◆ Your assignment
Please restate word for word the lines of the entries below from the one with "O Figurante da Novel Capítulo 158 Página 18" to the one with "After a Great", inclusive, and leave out every picture.

◆ Information supplied
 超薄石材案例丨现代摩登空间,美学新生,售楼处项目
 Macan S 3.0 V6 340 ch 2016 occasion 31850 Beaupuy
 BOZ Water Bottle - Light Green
==
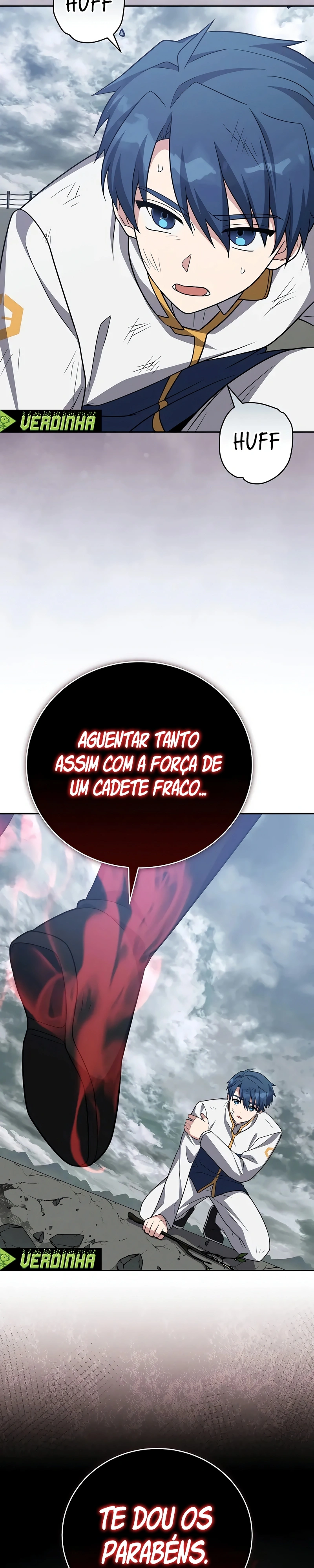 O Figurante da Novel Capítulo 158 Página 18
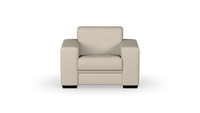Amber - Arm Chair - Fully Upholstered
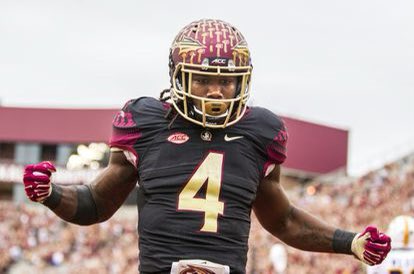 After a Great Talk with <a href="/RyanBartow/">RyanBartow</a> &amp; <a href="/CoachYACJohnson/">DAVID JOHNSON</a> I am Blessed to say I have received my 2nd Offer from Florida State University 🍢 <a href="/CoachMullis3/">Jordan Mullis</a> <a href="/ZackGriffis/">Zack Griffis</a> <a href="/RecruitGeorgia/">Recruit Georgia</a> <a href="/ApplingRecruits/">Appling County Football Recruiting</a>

◆ Finished exercise
 O Figurante da Novel Capítulo 158 Página 18
Amber - Arm Chair - Fully Upholstered
 After a Great Talk with <a href="/RyanBartow/">RyanBartow</a> &amp; <a href="/CoachYACJohnson/">DAVID JOHNSON</a> I am Blessed to say I have received my 2nd Offer from Florida State University 🍢 <a href="/CoachMullis3/">Jordan Mullis</a> <a href="/ZackGriffis/">Zack Griffis</a> <a href="/RecruitGeorgia/">Recruit Georgia</a> <a href="/ApplingRecruits/">Appling County Football Recruiting</a>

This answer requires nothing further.